LA HERENCIA DE ESZTER
No sé cómo sonó mi voz en aquel instante; pero probablemente no reflejó felicidad. Seguramente hablé como una sonámbula recién despertada. Aquel estado había durado veinte años. Durante veinte años yo había estado caminando así, dormida, al borde de un precipicio, con pasos decididos y sosegados, sonriendo. Entonces, me desperté de golpe y vi la realidad delante de mis ojos; sin embargo, no me sentí mareada. Nunca más me he sentido mareada. En la realidad, en la realidad de la vida y de la muerte, hay algo tranquilizador.
Había algo triste en él.
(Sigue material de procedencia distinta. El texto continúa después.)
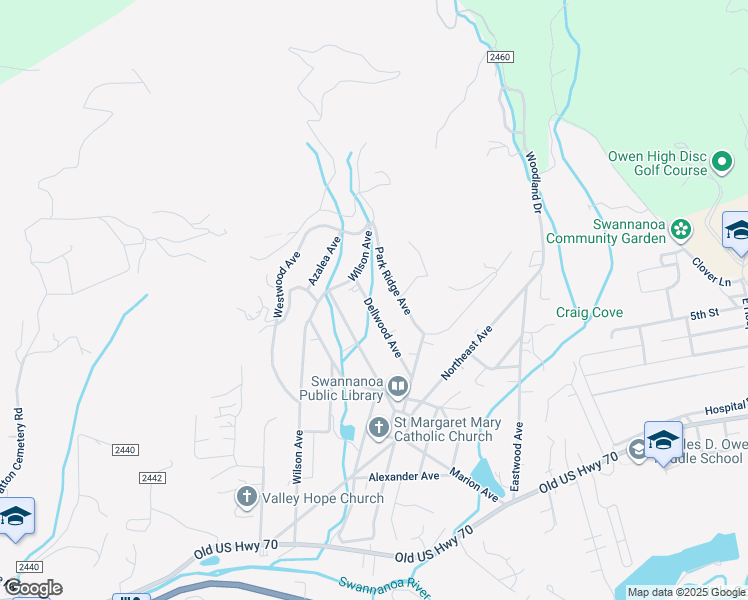 map of restaurants, bars, coffee shops, grocery stores, and more near 132 Dellwood Avenue in Swannanoa
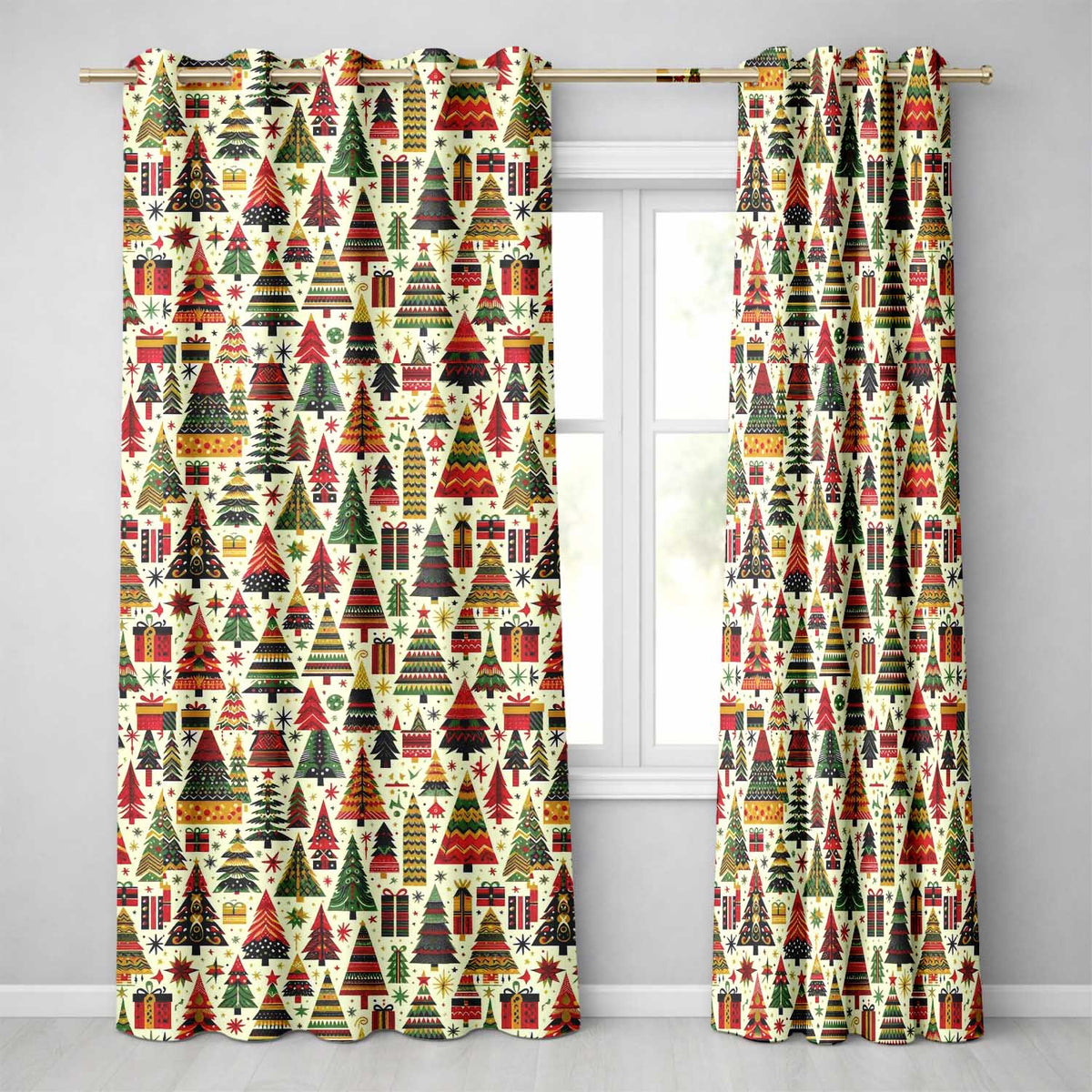 Vibrant Nordic Christmas Trees Gifts Stars Festive Holiday Seamless Pattern  Readymade Eyelet Ring Top Thermal 100% Blackout Curtains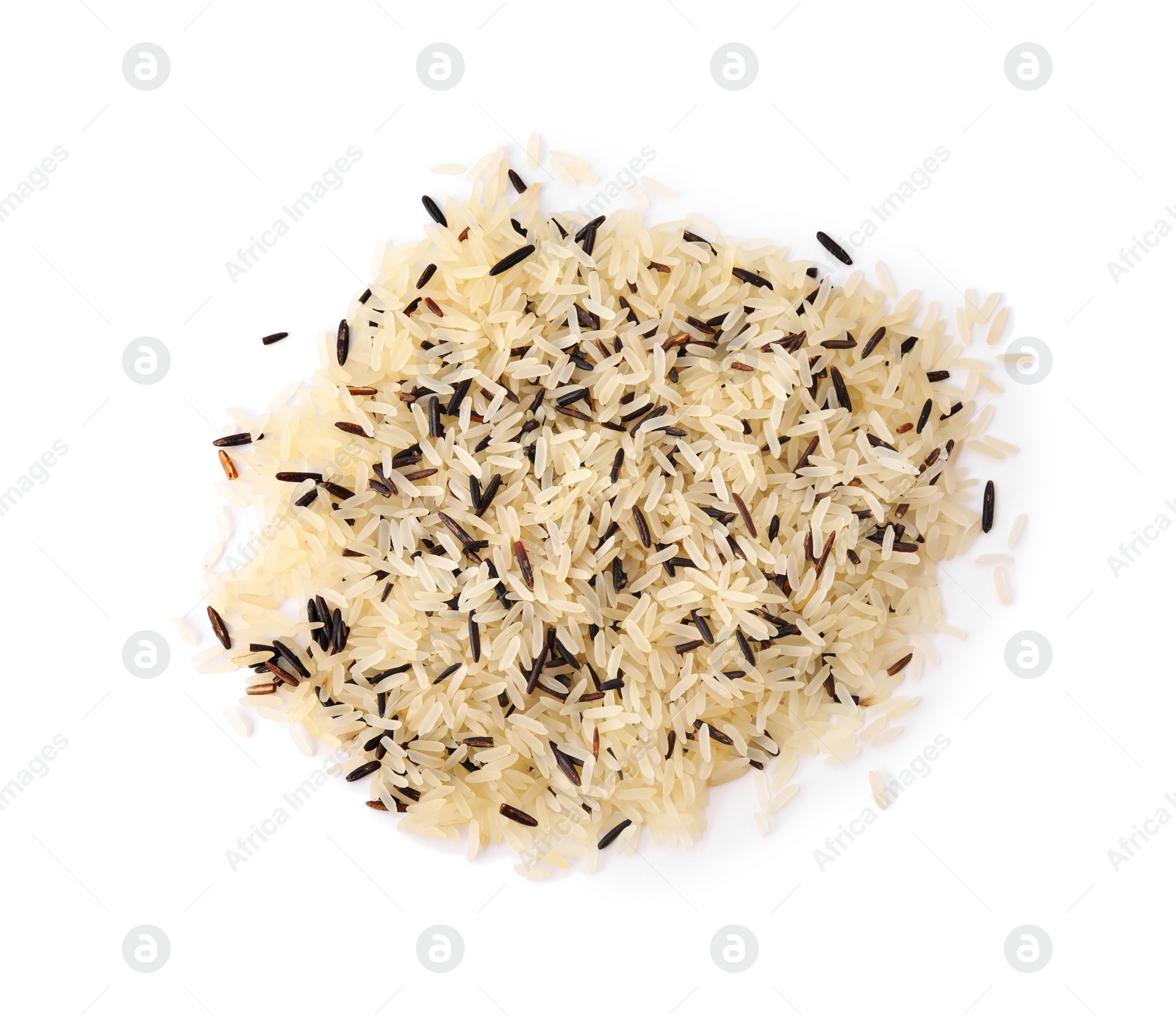 Photo of Mix of brown and polished rice isolated on white, top view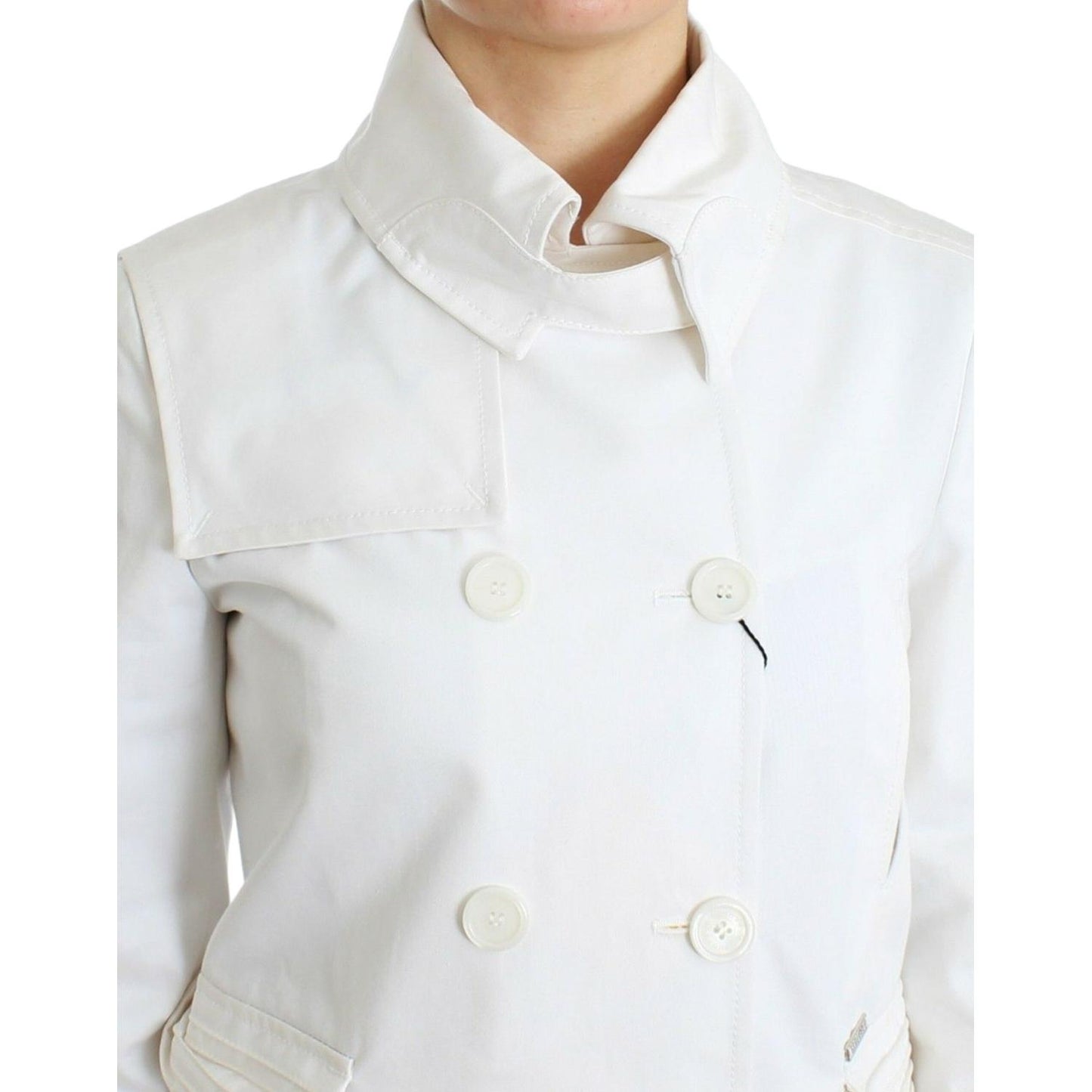 GF Ferre Chic Double Breasted Cotton Jacket Coats & Jackets GF Ferre Light Gray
Algo del fotógrafo o del político envejecido que ya no se entera de las artimañas ni de las ideas de los nuevos tiempos y que se aferra, obstinado y resentido, a sus viejos trucos, a sus afables prácticas de prestidigitador. Había algo en él del viejo domador de fieras a quien ya no temen ni sus propias bestias.
EL ÚLTIMO ENCUENTRO
Como todas las personas que viven mimadas por los dioses sin ninguna razón, también sentía una especie de angustia en el fondo de tanta felicidad. Todo era demasiado hermoso, demasiado redondo, demasiado perfecto. Uno siempre teme tanta felicidad ordenada.
Uno también construye lo que le ocurre. Lo construye, lo invoca, no deja escapar lo que le tiene que ocurrir. Así es el hombre. Obra así incluso sabiendo o sintiendo desde el principio, desde el primer instante, que lo que hace es algo fatal. Es como si se mantuviera unido a su destino, como si se llamaran y se crearan mutuamente. No es verdad que la fatalidad llegue ciega a nuestra vida, no. La fatalidad entra por la puerta que nosotros mismos hemos abierto, invitándola a pasar.